Start of SOURCE DATA
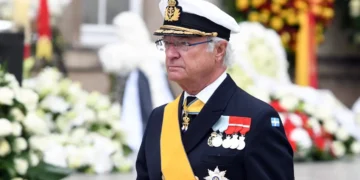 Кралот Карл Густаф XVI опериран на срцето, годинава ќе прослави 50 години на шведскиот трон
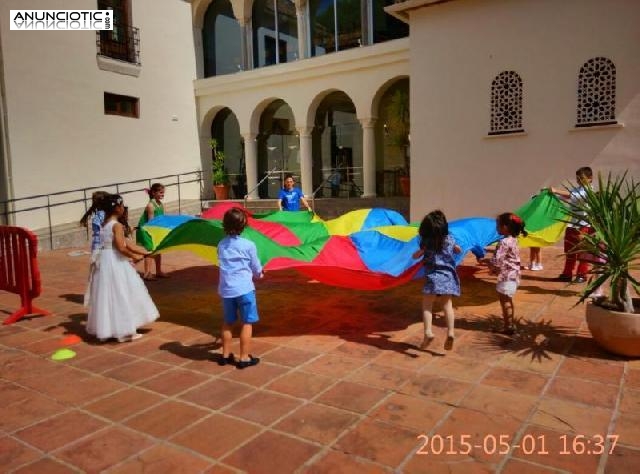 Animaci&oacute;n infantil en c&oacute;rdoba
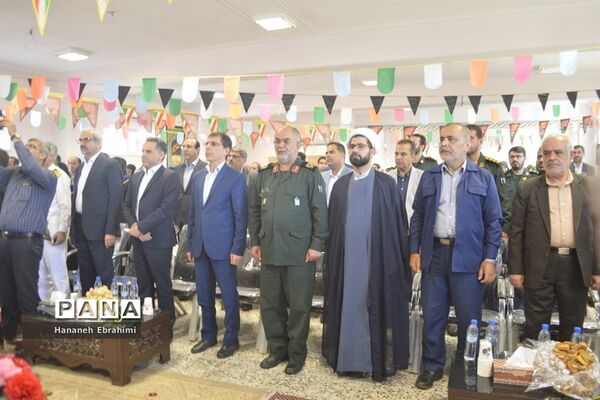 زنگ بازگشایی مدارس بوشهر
End of SOURCE DATA
◆ TASK GOAL ◆
Output nothing but the lines from the line with "Animaci&oacute;n infantil en c&oacute;rdoba" through the last line of the material above, please, word for word and without the pictures.

◆ EXERCISE RESULT ◆
 Animaci&oacute;n infantil en c&oacute;rdoba
 زنگ بازگشایی مدارس بوشهر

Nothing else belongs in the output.